My own dear flume tender, as I discovered from a chance remark, was a reader of newspapers, and when I heard this I turned our talk away from close shaves and perilous lifeboats—entirely away from the lurking but unspoken business of a child lost in the deep-woods. We enlivened the air with our fair knowledge of the world's doings and our opinions of how things were being conducted. We argued over the future of capitalism and prospects for the end of the Russo-Jap war, as well as the possibility that as men are more knowledgeable and more advantaged by technology, they may become more
rational, and whether this transformation—together with radium power—might bring about the millennium.

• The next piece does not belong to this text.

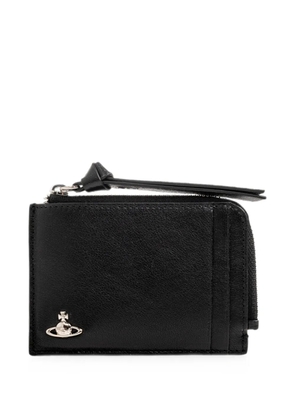 Vivienne Westwood Orb-plaque leather card holder - Black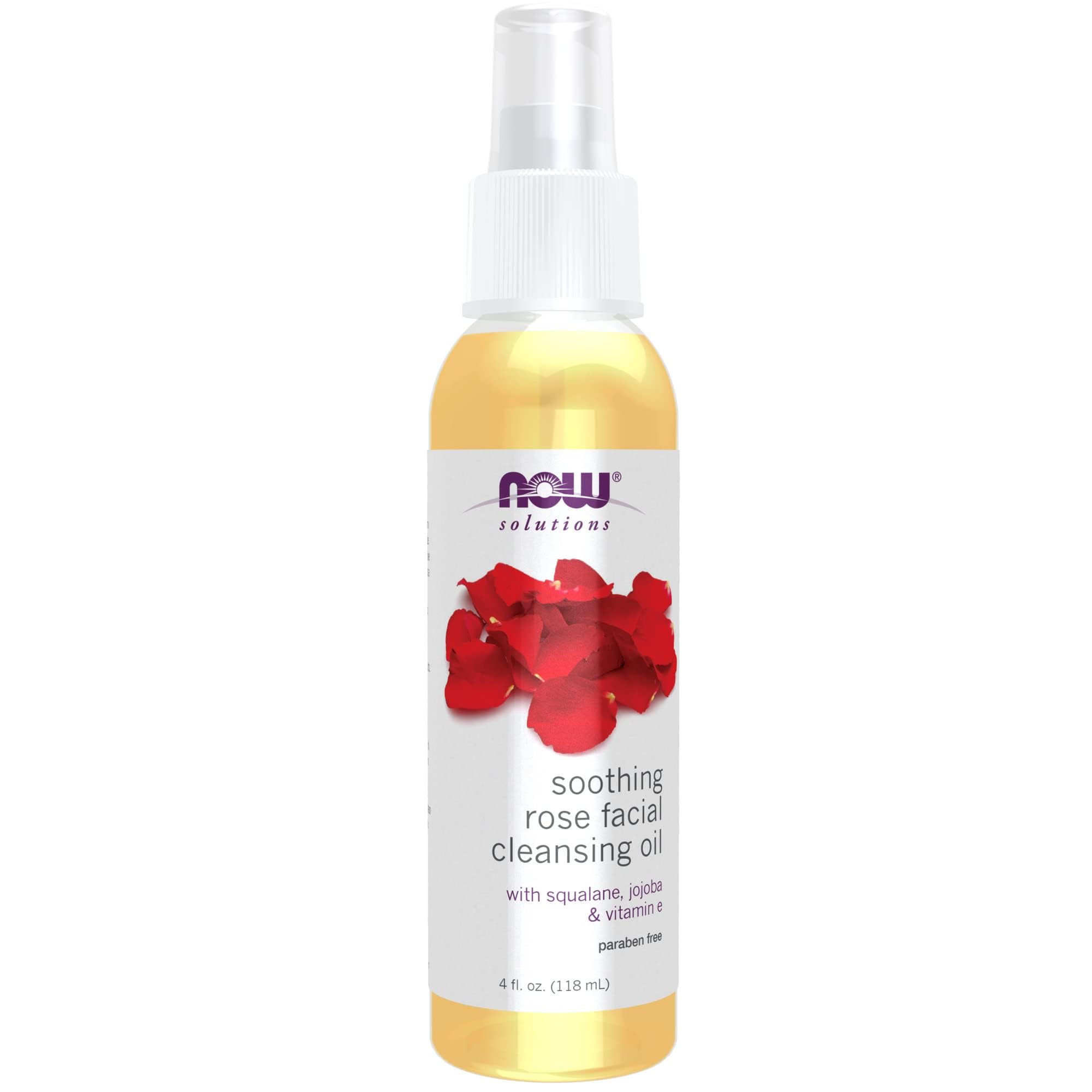 NOW Foods Solutions, Soothing Rose Facial Cleansing Oil With Jojoba Oil, Vitamin E and Rose Absolute, 4 Fluid Ounce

We had a vigorous discussion of the mind of the educated woman. Under the old regime, I told him, a woman would pledge her housekeeping and baby-tending services to a man, along with certain social gains and regular sexual relations, all in exchange for economic security. But intellectual development renders a woman less dependent on marriage for her physical support (which I have proven in my own life), and as women are permitted to read Herbert Spencer and work with calculus, there may come an end to their sewing on buttons fand embroidering pillow-slips.

I would not have been surprised if a rough and whiskered flume tender living way back in the wilderness had objected most strenuously to such an idea. The vast majority of men, even in these modern times, still require a lisping, clinging creature with a willingness to worship the masculine form. I have no doubt that such men as Homer Coffee or Melba's drunkard husband, Henry Pelton, fear women's access to higher education will create a race of monsters—unsexed creatures with clubbed hair and a blighting power. But the flume tender gave way before my arguments and offered his own mild opinion that a woman with a complete understanding of the clockworkings of the universe is a woman in closer touch with nature.

I wondered then, as I do now, if he might have been a man hiding his lamp under a basket, so to speak. It's well known that the remote logging camps are scattered with educated men—lawyers, doctors, teachers, men who have held important positions in business—who have turned to the hermit life after legal or personal calamity of one kind or another. I asked him nothing of that kind and offered him nothing of my own history: such is the Western way.

I sit now at the top of the flume—having shaken his hand and seen him back down the catwalk—refreshing myself with an apple and sandwich on a stump well apart from the furor of the logging, while I bring events up to date on these pages. On another sheet I have scribbled down the outline of a little story in which the hero is a flume tender of knightly attributes, driven into the wild West by tragic circumstances in the civilized East, and whose heroine is a pretty though stalwart girl, forced to cross miles of precarious and collapsing catwalk in order to save the life of her wounded beloved.